Со мной в моём школьном далёком советском детстве случился один любопытный случай. Думаю, поучительный для мам-пап и детей всех времён и народов. Поэтому расскажу.
Значит, школьные годы, мне лет десять, не больше. Сижу за столом решаю задачу. А для меня математика – первое удовольствие. Решаю с большим азартом. И вдруг…
Именно вдруг…
Все гадости происходят вдруг. Вдруг чувствую что-то не то и не так…
Подымаю глаза от своей задачки, а за столом сидит – мама.
Сидит. Молчит.
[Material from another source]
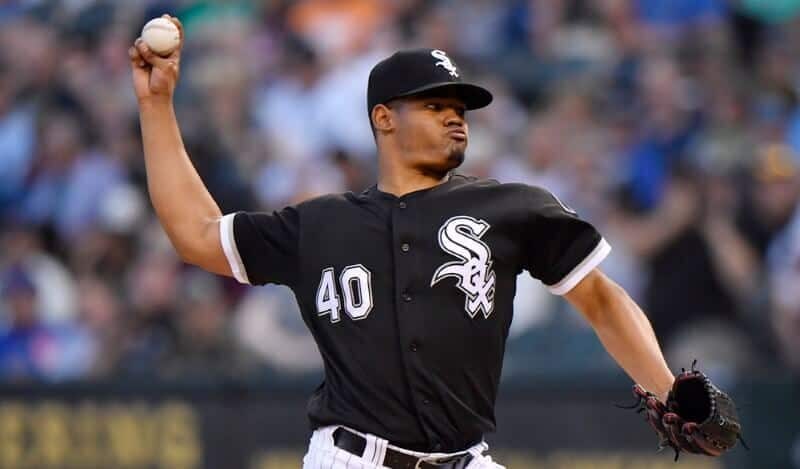 Buy or Sell – Reynaldo López’s Comeback Tour and Bailey Ober, Who? Reynaldo Lopez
Смотрит.
Я как бы оторопела.
Дело в том, что мы, мамины дети – а нас было трое - были такие отличники в школе, что мама дорогу в школу не знала и понятия не имела, чем мы там занимаемся за своим рабочим столом. И то, что она сидит, молчит и смотрит, будто меня изучает, так меня удивило, что ручка сама выпала из руки.
- Что-то случилось?
- От тебя. Лидка, я такого не ждала. - Голосом прокурорши провозгласила она. - И дело даже не в том. что ты съела целую банку варенья, стыдно, что съела - тайком.
Я просто окаменела:
- Какое варенье?
- Вишнёвое! - Возмущённо выпалила она. - И выкручиваться не надо!..
А я уже говорила, читатель, что я - скорпиончик по гороскопу. И нападать не меня небезопасно. Насилие возмущает меня. И я тут же выпустила своё жало:
- А почему ты решила, что именно Я его съела?!
А потому, что ты - любишь вишню! - парировала она.
Это был – аргумент! Я действительно вишню любила, и все это знали. На мгновенье я онемела от железной маминой логики.
Однако - что она говорит?!
Одно дело – любить, а совсем другое – украсть! Тайком! И целую банку?!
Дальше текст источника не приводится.